文档分割¶

在本指南中，我们将演示如何使用LLM的结构化输出来进行文档分割。我们将使用command-r-plus——Cohere最新的LLM之一，具有128k的上下文长度，并在解释Transformer架构的文章上测试该方法。相同的文档分割方法可以应用于任何其他需要将复杂的长文档分解为较小块的领域。

动机

有时我们需要一种方法将文档分割成围绕单一关键概念/思想的有意义的部分。基于长度/规则的简单文本分割器不够可靠。考虑文档包含代码片段或数学公式的情况——我们不希望在这些情况下使用'\n\n'进行分割，也不希望为不同类型的文档编写大量规则。事实证明，具有足够长上下文长度的LLM非常适合这项任务。

定义数据结构¶

首先，我们需要为文档的每个部分定义一个Section类。StructuredDocument类将封装这些部分的列表。

请注意，为了避免LLM重新生成每个部分的内容，我们可以简单地枚举输入文档的每一行，然后通过提供每个部分的起始-结束行号来要求LLM进行分段。

from pydantic import BaseModel, Field
from typing import List


class Section(BaseModel):
    title: str = Field(description="main topic of this section of the document")
    start_index: int = Field(description="line number where the section begins")
    end_index: int = Field(description="line number where the section ends")

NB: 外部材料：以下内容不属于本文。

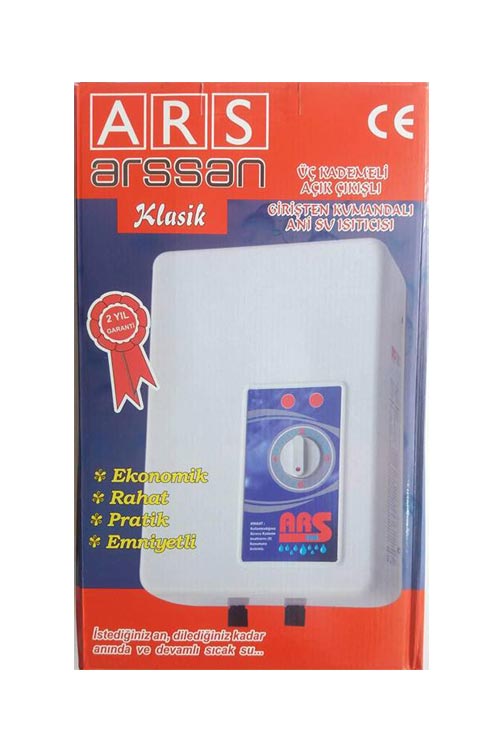 ARS KLASİK ELEKTRİKLİ ŞOFBEN BANYO ŞOHBENİ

class StructuredDocument(BaseModel):
    """obtains meaningful sections, each centered around a single concept/topic"""

    sections: List[Section] = Field(description="a list of sections of the document")

文档预处理¶

预处理输入document，通过在每行前面加上行号。

def doc_with_lines(document):
    document_lines = document.split("\n")
    document_with_line_numbers = ""
    line2text = {}
    for i, line in enumerate(document_lines):
        document_with_line_numbers += f"[{i}] {line}\n"
        line2text[i] = line
    return document_with_line_numbers, line2text

分割¶

接下来使用Cohere客户端从预处理文档中提取StructuredDocument。

import instructor
import cohere

# Apply the patch to the cohere client
# enables response_model keyword
client = instructor.from_cohere(cohere.Client())


system_prompt = f"""\
You are a world class educator working on organizing your lecture notes.
Read the document below and extract a StructuredDocument object from it where each section of the document is centered around a single concept/topic that can be taught in one lesson.
Each line of the document is marked with its line number in square brackets (e.g. [1], [2], [3], etc). Use the line numbers to indicate section start and end.
"""


def get_structured_document(document_with_line_numbers) -> StructuredDocument:
    return client.chat.completions.create(
        model="command-r-plus",
        response_model=StructuredDocument,
        messages=[
            {
                "role": "system",
                "content": system_prompt,
            },
            {
                "role": "user",
                "content": document_with_line_numbers,
            },
        ],
    )  # type: ignore

接下来，我们需要根据开始/结束索引和预处理步骤中的line2text字典来获取章节文本。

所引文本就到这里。